***** Recorded data *****
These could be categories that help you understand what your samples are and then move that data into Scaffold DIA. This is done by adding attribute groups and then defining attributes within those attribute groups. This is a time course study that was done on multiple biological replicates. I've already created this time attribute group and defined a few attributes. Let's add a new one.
*****
***** Recorded data *****
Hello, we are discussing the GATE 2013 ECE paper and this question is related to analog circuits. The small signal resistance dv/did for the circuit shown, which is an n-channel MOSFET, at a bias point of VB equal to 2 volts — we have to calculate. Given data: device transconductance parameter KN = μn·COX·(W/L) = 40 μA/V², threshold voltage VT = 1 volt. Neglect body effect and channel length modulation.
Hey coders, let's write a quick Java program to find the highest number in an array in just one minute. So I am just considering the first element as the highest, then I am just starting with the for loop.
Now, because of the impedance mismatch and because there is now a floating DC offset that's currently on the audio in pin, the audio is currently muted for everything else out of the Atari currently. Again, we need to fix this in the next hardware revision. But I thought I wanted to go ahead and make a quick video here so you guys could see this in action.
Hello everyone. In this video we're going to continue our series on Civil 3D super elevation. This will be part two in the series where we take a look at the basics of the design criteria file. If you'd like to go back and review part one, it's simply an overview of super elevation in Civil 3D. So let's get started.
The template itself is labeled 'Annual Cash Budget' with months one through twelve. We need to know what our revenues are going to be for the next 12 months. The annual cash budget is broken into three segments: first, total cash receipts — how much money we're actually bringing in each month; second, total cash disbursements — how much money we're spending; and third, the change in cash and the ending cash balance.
*****
> _Activity_: Using the entries above, repeat only the lines from the one containing "Hey coders, let's" through the one containing "The template itself", end lines included.

> _Output for this exercise_:
Hey coders, let's write a quick Java program to find the highest number in an array in just one minute. So I am just considering the first element as the highest, then I am just starting with the for loop.
Now, because of the impedance mismatch and because there is now a floating DC offset that's currently on the audio in pin, the audio is currently muted for everything else out of the Atari currently. Again, we need to fix this in the next hardware revision. But I thought I wanted to go ahead and make a quick video here so you guys could see this in action.
Hello everyone. In this video we're going to continue our series on Civil 3D super elevation. This will be part two in the series where we take a look at the basics of the design criteria file. If you'd like to go back and review part one, it's simply an overview of super elevation in Civil 3D. So let's get started.
The template itself is labeled 'Annual Cash Budget' with months one through twelve. We need to know what our revenues are going to be for the next 12 months. The annual cash budget is broken into three segments: first, total cash receipts — how much money we're actually bringing in each month; second, total cash disbursements — how much money we're spending; and third, the change in cash and the ending cash balance.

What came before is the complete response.